What you have to do: Below is a listing to repeat exactly, with its pictures left out.

-- Collected data follows --

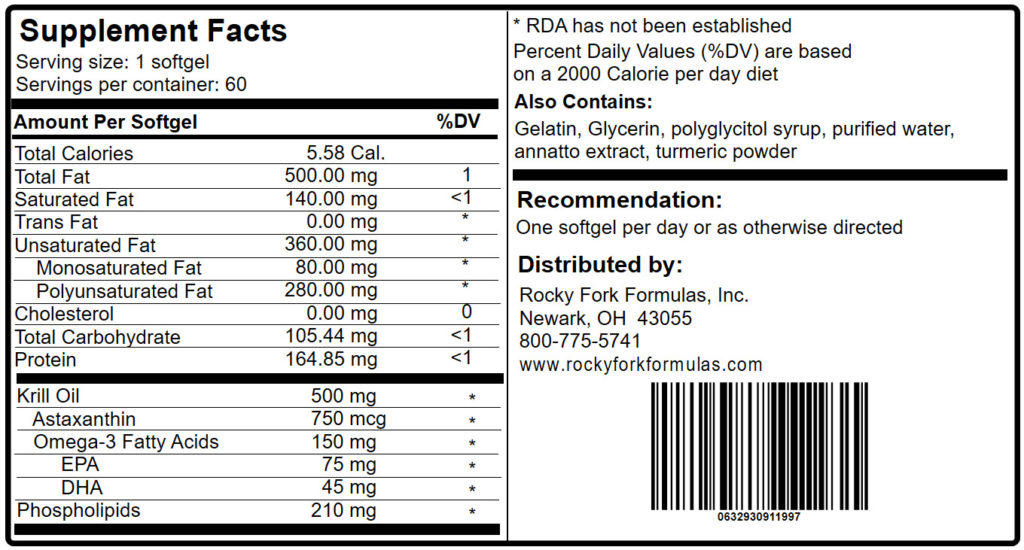 Krill Oil Rocky Fork Formulas, Inc.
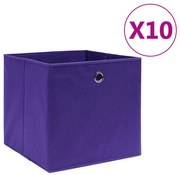 vidaXL Opbergboxen 10 st 28x28x28 cm nonwoven stof paars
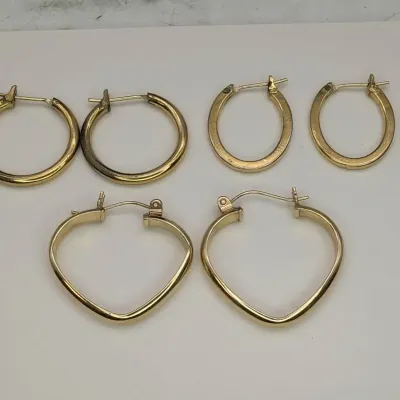 Three Pairs Of 10K & 14K Gold Earrings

-- Collected data concluded --

Exercise result:
 Krill Oil Rocky Fork Formulas, Inc.
 vidaXL Opbergboxen 10 st 28x28x28 cm nonwoven stof paars
 Three Pairs Of 10K & 14K Gold Earrings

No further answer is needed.